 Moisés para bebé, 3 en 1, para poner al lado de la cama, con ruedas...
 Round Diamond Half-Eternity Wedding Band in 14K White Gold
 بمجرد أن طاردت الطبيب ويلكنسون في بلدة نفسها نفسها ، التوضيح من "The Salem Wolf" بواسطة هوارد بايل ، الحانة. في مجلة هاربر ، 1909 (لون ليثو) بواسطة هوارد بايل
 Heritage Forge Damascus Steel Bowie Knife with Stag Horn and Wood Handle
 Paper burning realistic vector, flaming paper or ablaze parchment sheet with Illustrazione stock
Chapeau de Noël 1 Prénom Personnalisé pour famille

-------

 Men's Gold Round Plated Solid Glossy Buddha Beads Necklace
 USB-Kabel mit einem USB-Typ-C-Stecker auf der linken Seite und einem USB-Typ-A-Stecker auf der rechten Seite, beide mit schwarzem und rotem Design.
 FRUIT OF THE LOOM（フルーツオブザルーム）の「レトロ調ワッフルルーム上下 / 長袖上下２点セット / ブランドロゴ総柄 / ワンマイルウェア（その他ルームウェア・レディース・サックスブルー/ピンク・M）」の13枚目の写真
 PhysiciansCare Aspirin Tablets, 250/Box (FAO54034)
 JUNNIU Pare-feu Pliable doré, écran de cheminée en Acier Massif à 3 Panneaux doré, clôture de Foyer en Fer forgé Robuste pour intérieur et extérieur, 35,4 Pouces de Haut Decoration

-------

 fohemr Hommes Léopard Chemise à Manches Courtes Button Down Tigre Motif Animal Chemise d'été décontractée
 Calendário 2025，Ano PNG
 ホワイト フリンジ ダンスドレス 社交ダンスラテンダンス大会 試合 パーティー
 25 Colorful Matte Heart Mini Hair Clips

-------

WHAT THE TASK ASKS: Everything in the material above from the line that has "Calendário 2025，Ano PNG" through the line that has "25 Colorful Matte Heart Mini Hair Clips" must be duplicated exactly, with no other lines given.

RESULT FOR THIS EXERCISE:
 Calendário 2025，Ano PNG
 ホワイト フリンジ ダンスドレス 社交ダンスラテンダンス大会 試合 パーティー
 25 Colorful Matte Heart Mini Hair Clips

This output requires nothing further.